Ducati 250 Mark 3
- Manufacturer: Ducati
- Also called: Ducati SuperSport
- Production: 1962–1966
- Predecessor: Ducati Diana
- Successor: Ducati 250 Mark 3
- Class: sports
- Engine: Air-cooled bevel drive SOHC single cylinder four stroke
- Bore / stroke: 74 mm × 57.8 mm (2.91 in × 2.28 in)
- Compression ratio: 10:1
- Top speed: 100 mph (160 km/h)
- Power: 30 bhp (22 kW) @ 8,300 rpm
- Transmission: Multiplate wet clutch 4 speed (1961-64) 5 speed (1965-68)
- Frame type: Single cradle
- Suspension: Front: telescopic forks Rear: swinging arm
- Brakes: Drum front & rear
- Tyres: Front: 2.75 x 18 Rear: 3.00 x 18
- Wheelbase: 1,330 mm (52 in)
- Dimensions: L: 2,000 mm (79 in) H: 930 mm (37 in)
- Seat height: 750 mm (30 in)
- Weight: 110 kg (240 lb) (dry)

= Ducati Diana Mark 3 =

SOHC motorcycle by Ducati

The Ducati Diana Mark 3, also known as the Ducati Diana SuperSport and commonly referred to as the Ducati Mark 3, is a 249 cc single cylinder bevel drive SOHC motorcycle produced by the Italian manufacturer Ducati from 1962 to 1966. It was a higher performance version of the Ducati Diana and sold to the American market only. In 1963, Cycle World described it as "the fastest, and nearly the smoothest, standard motorcycle in the 250cc class". It was replaced in 1967 by the Ducati 250 Mark 3.

==History==
Following the success in racing of the 250 F3, and using an engine based on that of the racer, Ducati introduced its first 250 cc road bikes at the April 1961 Milan Fair. The bikes were offered in two versions, the touring Monza and sports Diana. The Diana didn't sell well in the US and in 1962 the American importers, Berliner Motor Corporation, persuaded Ducati to make a higher performance model, the Diana Mark 3. Berliner had previously requested a 250 Scrambler to replace the 200 Motocross. The scrambler's engine was in a higher state of tune than the Diana, and this engine was used in the Diana Mark 3. The engine has a larger carburettor, higher compression ratio and a hotter camshaft. The Mark 3 also shares the scrambler's electrical system, using a flywheel magneto and no battery. The frame was finished in blue and the rest of the bike was blue and silver. As there was no battery, side panels were not fitted.

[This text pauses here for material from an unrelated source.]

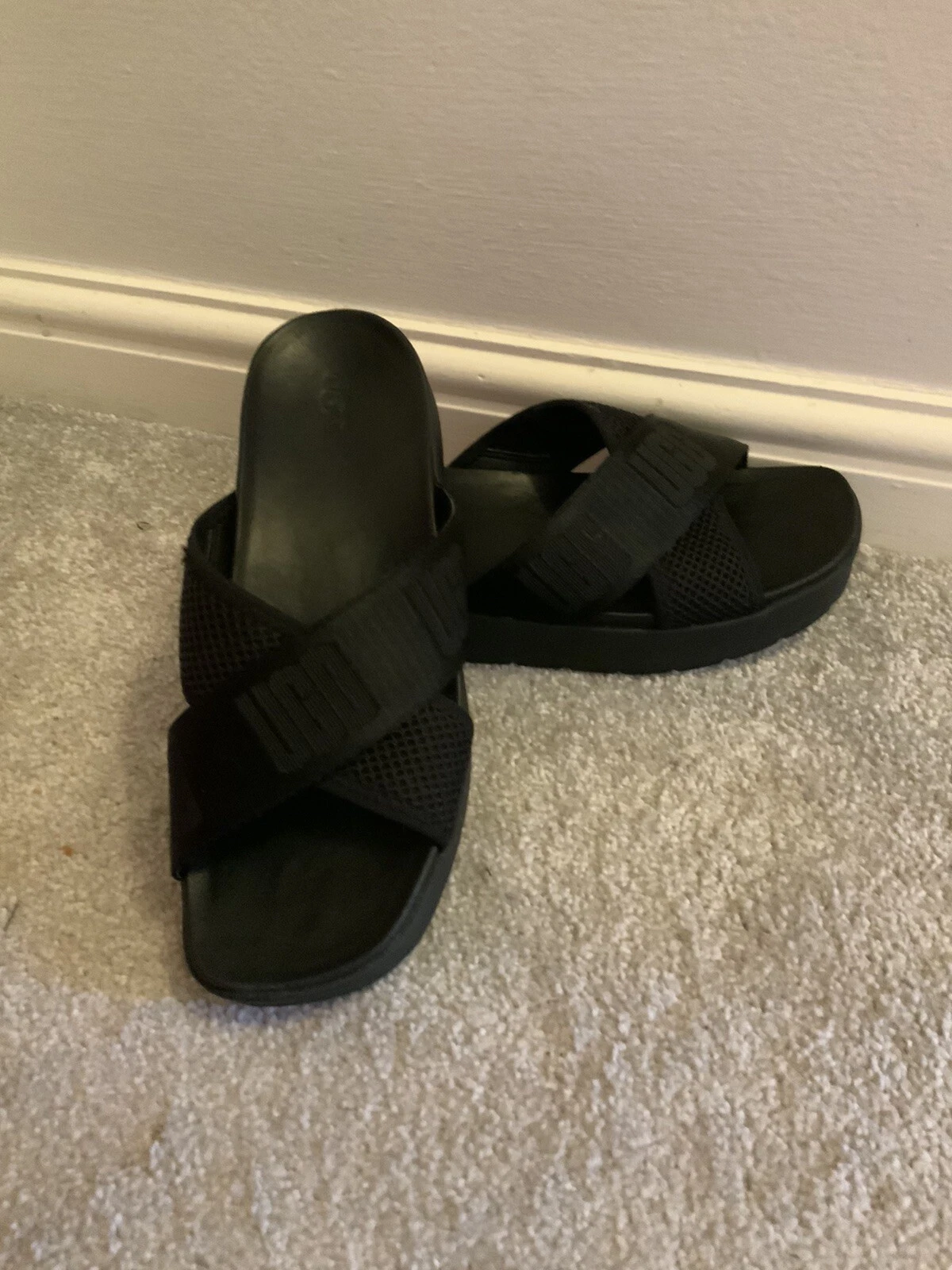 Ugg Emily Mesh Slides. Uk 4.5.Black. Excellent Condition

In 1965 the model received the big valve head that was used on the European Mach 1 and the larger 29 mm carb the Mach 1 used.

The bike was restyled for 1966, sharing the same angular styling of the 160 Monza Junior and 350 Sebring. Following criticism of the kickstart arrangement with the rear-set footrests, the bike was changed to have higher bars and footrest in the normal position. A new design Grimica front brake with an air-scoop was also fitted in 1966.

The Diana Mark 3 and the Mach 1 were replaced in 1967 with the 250 Mark 3.

==Technical details==

===Engine and transmission===
The single-cylinder, bevel-drive OHC engine is of a vertically split unit construction and has alloy head and alloy barrels with austenitic liners. Ball bearings are used in the main bearings and roller bearings for the big end. Hairspring valve springs are used to close the valves. Bore and stroke are 74 × 57.8 mm giving a displacement of 248 cc. Compression ratio is 10:1. Larger valves were fitted in 1965. Claimed power output was 30 bhp @ 8,300 rpm, giving the machine a top speed of 100 mph.

Fuel is delivered by a 27 mm Dell'Orto SSI carburettor on early models and was increased to 29 mm in 1965. Wet sump lubrication is used and ignition is by flywheel magneto.

Primary drive is by helical gears to a multi-plate wet clutch and a 4-speed gearbox. A 5-speed cluster was fitted from 1965. Chain drive takes power to the rear wheel.

===Cycle parts===
The single cradle frame uses the engine as a stressed member. Rear suspension is by swinging arm with twin 3-way adjustable Marzocchi shock absorbers. At the front, 31.5 mm telescopic forks are fitted. Brakes are drums, the front being 180 mm diameter and the rear 160 mm.